Una posibilidad que resulta más deseable cuando tenemos en cuenta los debates que en EE UU muestran las complicaciones planteadas por comités institucionales de ética (IRB, Institutional Review Boards) y que ha desencadenado un auténtico enfrentamiento a causa de las limitaciones que esos comités imponen a muchos proyectos de investigación; unas limitaciones que en ocasiones se deben más a desavenencias metodológicas antes que a una falta de sensibilidad ética o una ausencia de responsabilidad por parte de los investigadores sometidos a revisión. La aparición de los comités de ética en universidades y facultades en España y la reciente decisión en la Ley de la Ciencia de crear un comité de este tipo puede hacernos pensar en las dificultades que, especialmente los antropólogos/as, atravesarán debido a las particularidades metodológicas de la etnografía frente a otras metodologías de investigación y disciplinas. Y aunque una cosa es un código y otra es un comité ético, los códigos resultan tan problemáticos como los primeros. En un artículo que Alberto (Corsín) publicaba con Ian Harper titulado ‘Towards interactive professional ethics’, los dos señalan que los códigos éticos “externalizan” la ética de la investigación y abogan justamente por explorar modos de ‘ética interactiva’ utilizando las posibilidades de Internet. Cabe preguntarse, entonces, ¿por qué elaborar un código ético en lugar de abrir un foro sobre la ética en Internet?, o ¿por qué un comité de revisión habría de ser más efectivo que una revista sobre la ética de la investigación antropológica? En realidad no son asuntos incompatibles y la AAA en sus primeros pasos en la institucionalización de la ética y mientras redactaba su código mantenía un espacio de discusión de este tipo donde se recogían y discutían problemáticas éticas que se distribuían después en su newsletter.

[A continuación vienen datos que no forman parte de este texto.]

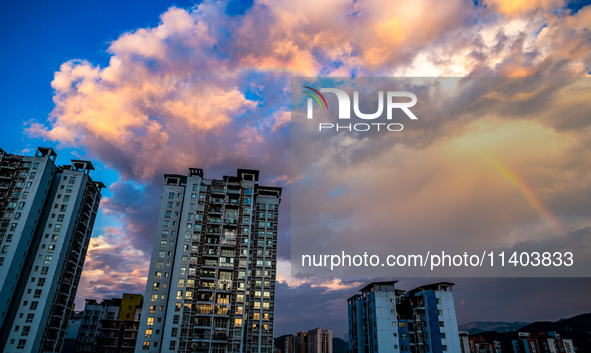 A photo is showing a rainbow over Nanchuan urban area in Chongqing, China, on July 12, 2024. 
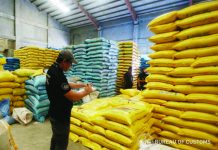 The Bureau of Customs leads the inspection of rice warehouses in Intercity Industrial Complex in San Juan, Balagtas, Bulacan on Aug. 24. They recovered about 202,000 sacks of imported rice grains from Vietnam, Cambodia and Thailand. BUREAU OF CUSTOMS PHOTO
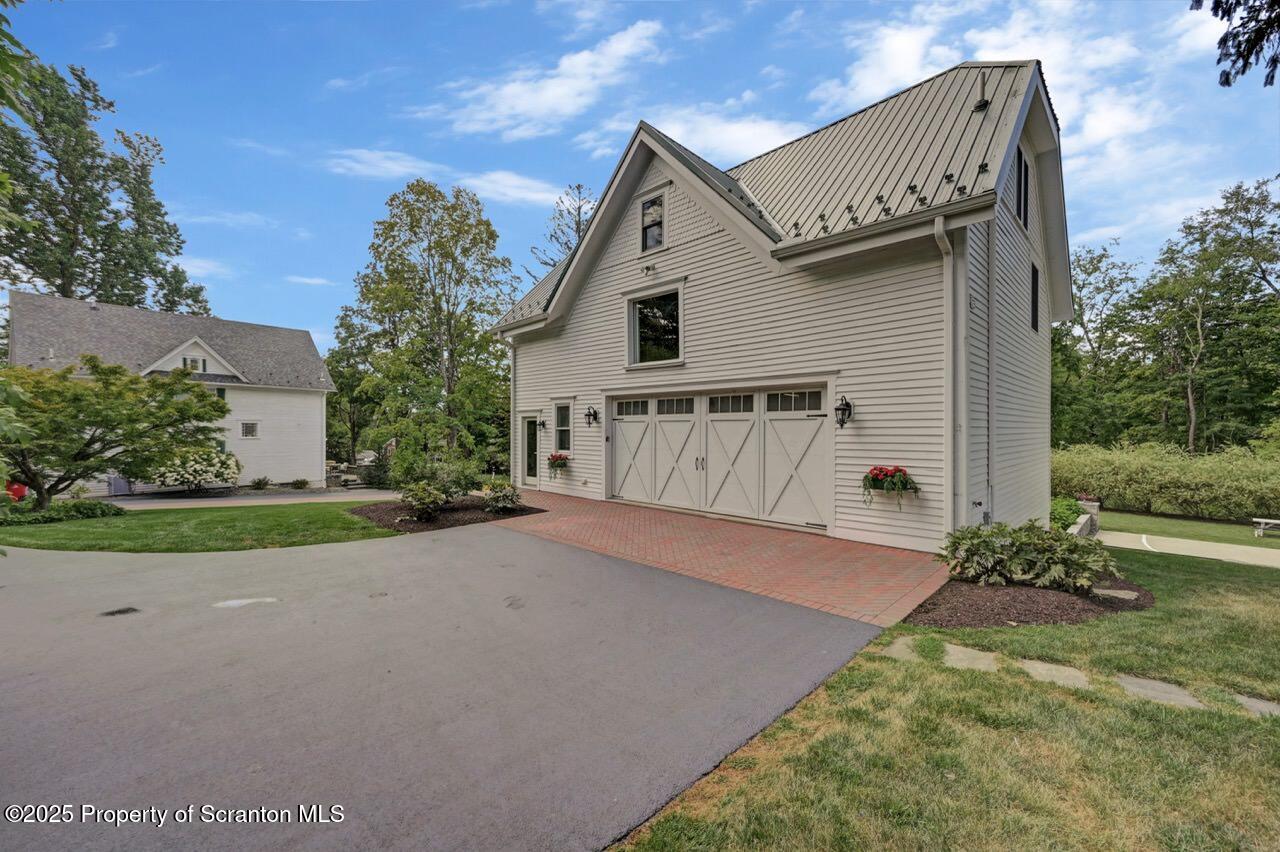 215 Fairview Road Clarks Green, PA 18411 - Photo 5 of 148 a view of backyard with potted plants and a large tree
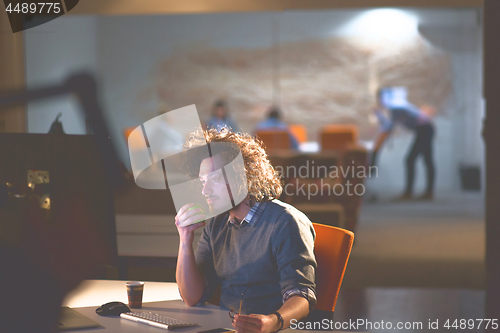 Image of man working on computer in dark office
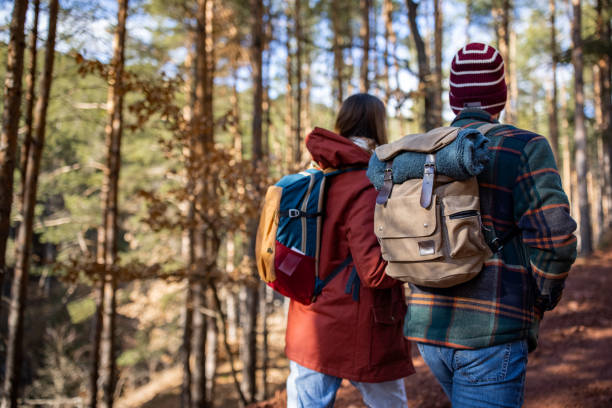 istock Young couple on a forest hiking trip 1430346874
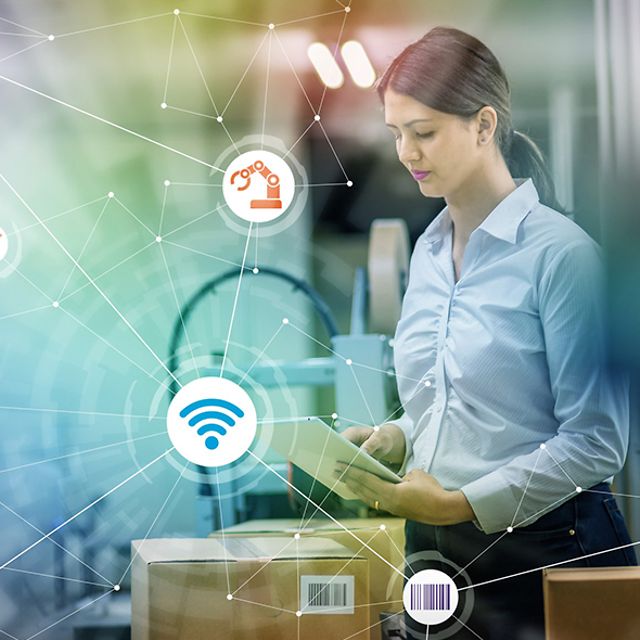 Eine Frau schaut auf ein Tablet in einem Lager mit Paketen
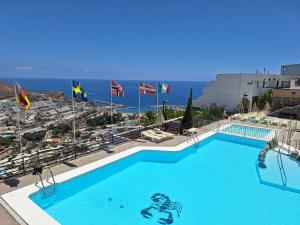 a large swimming pool with a view of the ocean at Horizon Views - Excellent location with ocean view in Puerto Rico de Gran Canaria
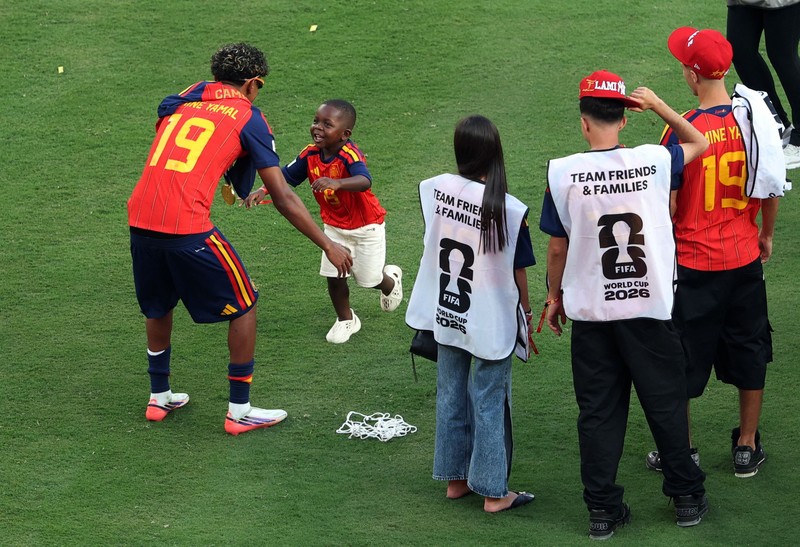 Lamine Yamal merayakan keberhasilan Spanyol menjuarai Piala Dunia FIFA 2026, sementara adiknya, Keyne Yamal, bermain sepak bola di lapangan usai seremoni penyerahan trofi di New York/New Jersey Stadium, East Rutherford, New Jersey, Amerika Serikat, Minggu (19/7/2026). (REUTERS/Agustin Marcarian)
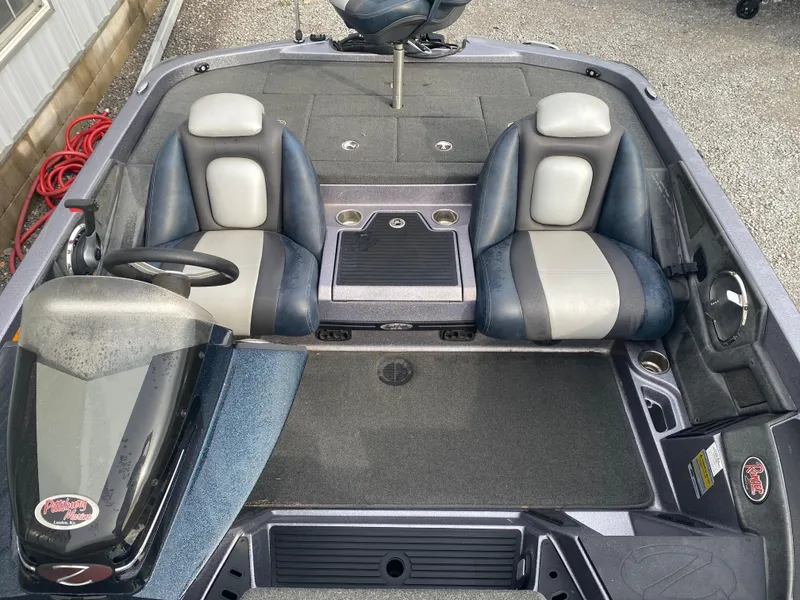 Slide: The Image of 2015 Ranger Z118 Comanche boat interior with dual seats and steering console. - 11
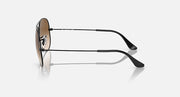 Ray-Ban aviator sunglasses in profile: green lens, silver frame, black temples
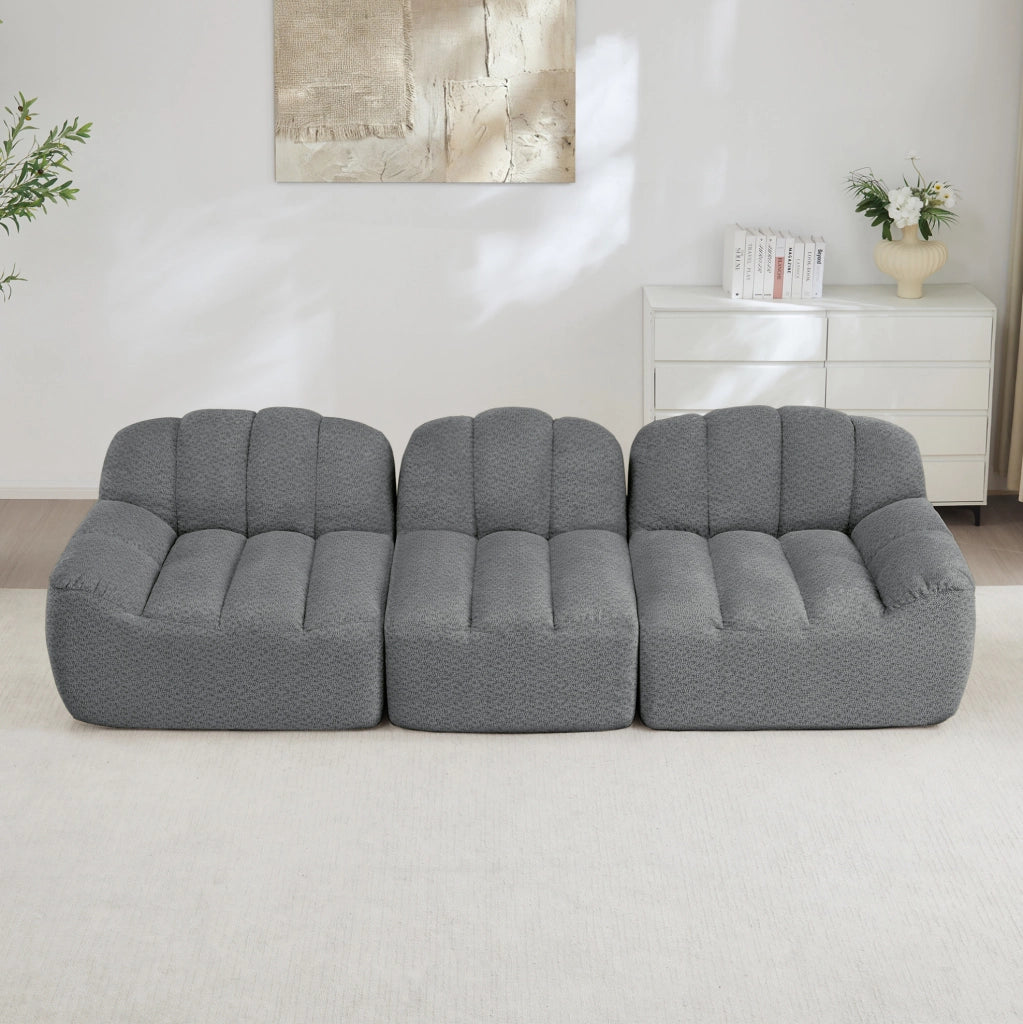 Divano modulare 3 posti con ottoman collegabile in fleece granulato grigio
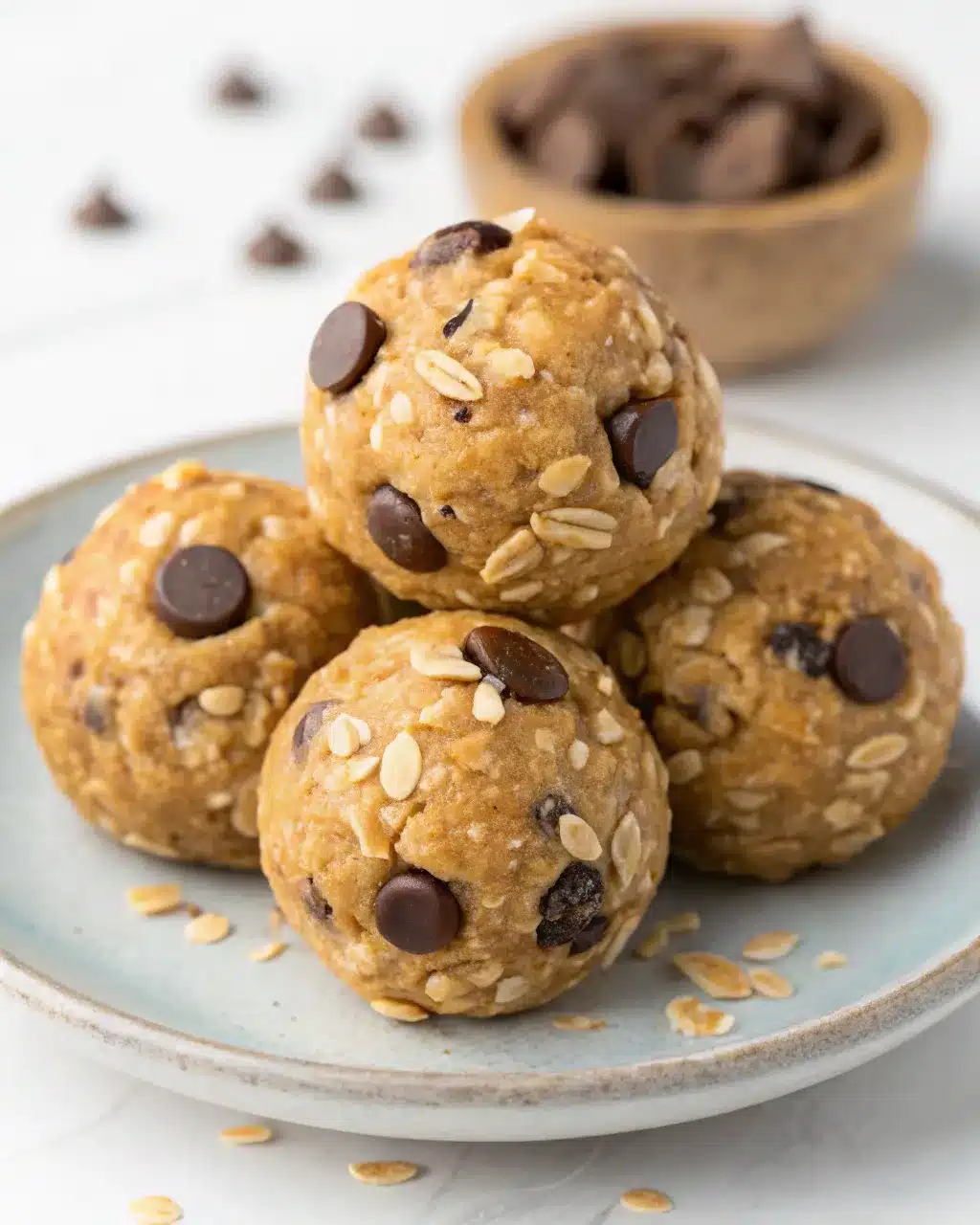 No bake chocolate chip energy balls with oats on a plate
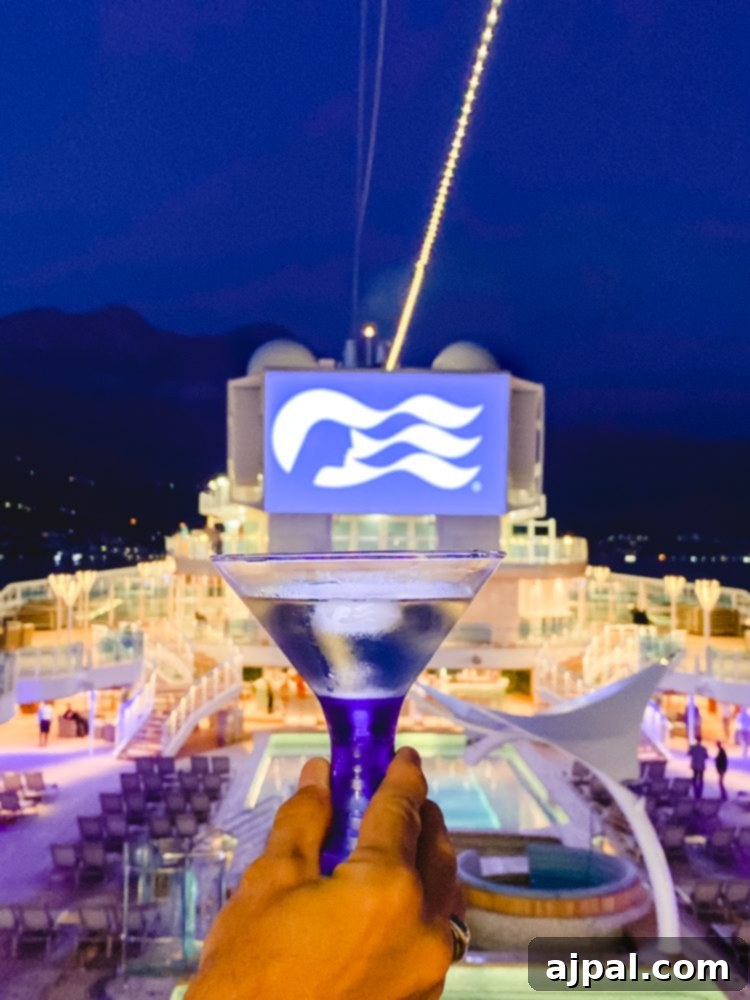 Sky Princess's Stellar Bar Hop 3 A person joyfully cheers with a martini glass, captured during the Ultimate Sky Princess Cruise Ship bar crawl, symbolizing the lively atmosphere and exquisite drinks available.
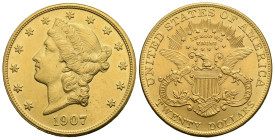 United States of America. 20 Dollars. Philadephia. 1907 (Gold, 34.34 mm, 33.58 g). Coroned Liberty head left; around, thirteen stars. Rev. Eagle with ...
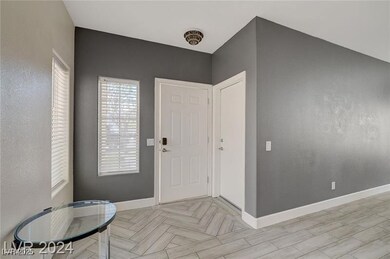 Foyer entrance featuring baseboards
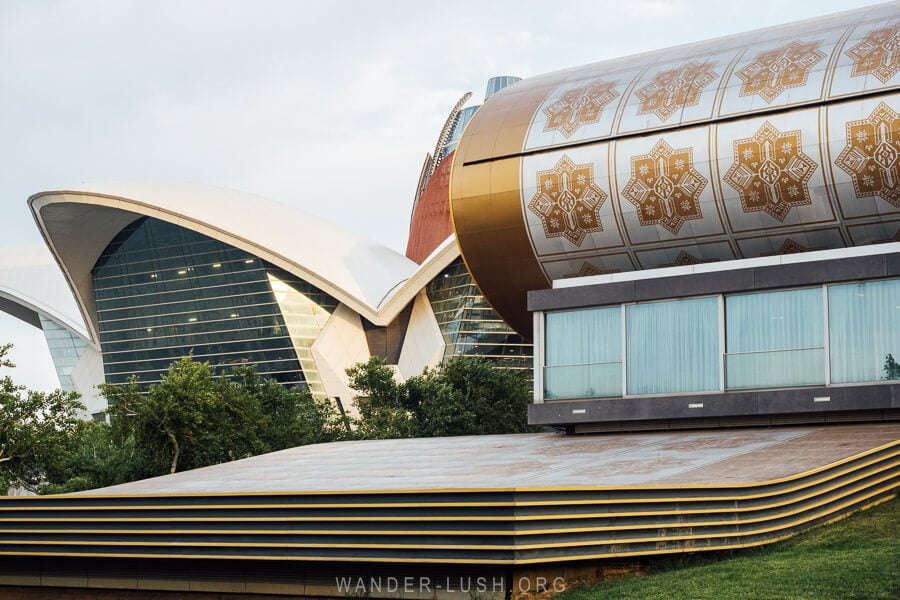 The Azerbaijan National Carpet Museum, a textile museum shaped like a rolled up carpet.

La diferencia que hay entre un código de ética y un foro en Internet de discusión sobre la ética de la investigación, o entre un comité ético y un comité editorial (de una revista sobre ética) es que los primeros hacen de la ética un espacio legalista en su articulación institucional mientras los segundos hacen de ella un espacio epistémico para la producción de conocimiento. Los primeros establecen normas o valores que han de ser respetados, los segundos habilitan un espacio para explorar cuáles son las normas y los valores que deberíamos respetar. Un código ético, como mucho, debería ser un efecto de un debate amplio sobre los modos de articular las múltiples dimensiones de nuestra responsabilidad ética como investigadores y académicos, pero nunca debería ser un destino. Solo dos de los temas posibles con la intención de abrir el debate sobre nuestra disciplina.